以Ti(OBu)4为原料,P123为模板剂,HCl为水解抑制剂制备了前驱体溶胶,通过浸渍-提拉制膜后,450℃热处理3h得到介孔结构的锐钛矿相纳米晶TiO_2薄膜,晶粒尺寸~10nm。样品的BET比表面积和总孔体积分别为89.6m2/g和0.18cm3/g,平均孔径5.7nm。通过改变水解抑制剂,研究了介孔TiO_2的微结构特征。结果表明,在HCl或AcAc-HCl双抑制剂的作用下,样品的比表面积和孔隙率较大,分别为176.3m2/g,139.2m2/g和60%,57%,证实HCl对钛源具有较强的水解抑制作用,可形成钛低聚物小团簇,从而有利于其和PEO基团的键合,形成较有序的介孔结构TiO_2。
采用PS胶晶/P123双模板,通过浸渍-提拉/溶胶-凝胶法成膜,450℃热处理后制备了有序大孔-介孔锐钛矿TiO_2薄膜,晶粒尺寸7.4nm,光学带隙3.00eV。浸渍-提拉法灌注PS模板时,有序大孔结构的形成明显依赖于溶胶浓度。较低浓度的溶胶对PS润湿性差,导致灌注孔壁不完整。当浓度为0.13-0.15M时,大的表面张力和较小的润湿角有利于溶胶灌注,大孔结构有序度高。当浓度继续升高时,溶胶流动性变差,不利于其在PS上的铺展而导致结构有序度降低。
对介孔TiO_2进行金属元素Nb、Sb、Ge、Zn和Sn的掺杂,并考察其作为染料敏化太阳电池(DSSCs)n-电极的光伏性能。结果表明,与未掺杂介孔TiO_2相比,Ge掺杂阳极的电池开路电压升高;Nb和Sb的施主掺杂有利于TiO_2阳极中的电子传输,使短路电流增大;Sb掺杂薄膜具有较大的比表面积,有利于提高光吸收率。Ge掺杂TiO_2的DSSC光电转换效率最大,为2.95%。
Porous nanocrystalline TiO_2 (nc-TiO_2) film is an important semiconductor material. Recently, its photoelectrochemical properties have attracted much attention for research works, which are desired for many applications, such as solar energy converters, optoelectronic devices and photocatalysts.
In this paper, two methods (dip-drawing and in-situ solvent evaporation) were employed for preparing PS colloidal crystal array. In self-assembly of PS colloidal crystal by dip-drawing method, the elevated emulsion temperature could promote ordered arrangement of PS spheres during the dynamic drawing process. At proper temperature, the array thickness and orderliness can be enhanced by increasing the PS volume fraction of emulsion, meanwhile which obviously reduced the fracture lines in array. In in-situ evaporation process for preparing PS colloidal crystal, self-assembly behaves a multi-nucleus site evolution, and undergoes the transformation from square to close packing arrangement. Technique of decreasing atmospheric pressure was adopted for accelerating evaporation so as for a more stable arrangement and wider range of pressure for ordered colloidal crystal.
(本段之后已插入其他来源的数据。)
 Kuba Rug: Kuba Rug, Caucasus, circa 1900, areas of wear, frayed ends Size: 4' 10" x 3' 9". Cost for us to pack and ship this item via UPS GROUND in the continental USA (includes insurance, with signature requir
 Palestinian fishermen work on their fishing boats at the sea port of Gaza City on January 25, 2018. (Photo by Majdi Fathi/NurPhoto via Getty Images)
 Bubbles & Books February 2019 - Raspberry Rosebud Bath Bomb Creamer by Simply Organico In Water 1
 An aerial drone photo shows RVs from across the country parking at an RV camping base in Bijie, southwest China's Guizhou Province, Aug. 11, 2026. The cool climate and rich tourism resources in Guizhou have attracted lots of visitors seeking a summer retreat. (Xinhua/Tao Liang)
The mesoporous TiO_2 precusor sol was prepared using tetrabutyl orthotitanate (Ti(OBu)4) as titanium source, P123 as template and HCl as hydrolysis inhibitor. With film fabrication by dip-drawing and then calcining at 450℃for 3h, mesoporous anatase nc-TiO_2 film was obtained with grain size of ~10nm. The Brunauer-Emmett-Teller surface area (SBET), total pore volume and average mesoporous size is 89.6m2/g, 0.18cm3/g and 5.7nm, respectively. Through using different hydrolysis inhibitors, the microstructure of mesoporous TiO_2 was researched. Results show that under effect of inhibitor HCl or acetylacetone-HCl, higher SBET and porosity of 176.3m2/g, 139.2m2/g and 60%, 57% respectively, were obtained. Because the additive HCl possesses strong inhibiting effect for hydrolysis, which results in small size of Ti oligomers that favors connection with PEO moieties for formation of more ordered mesoporous structure of TiO_2 film.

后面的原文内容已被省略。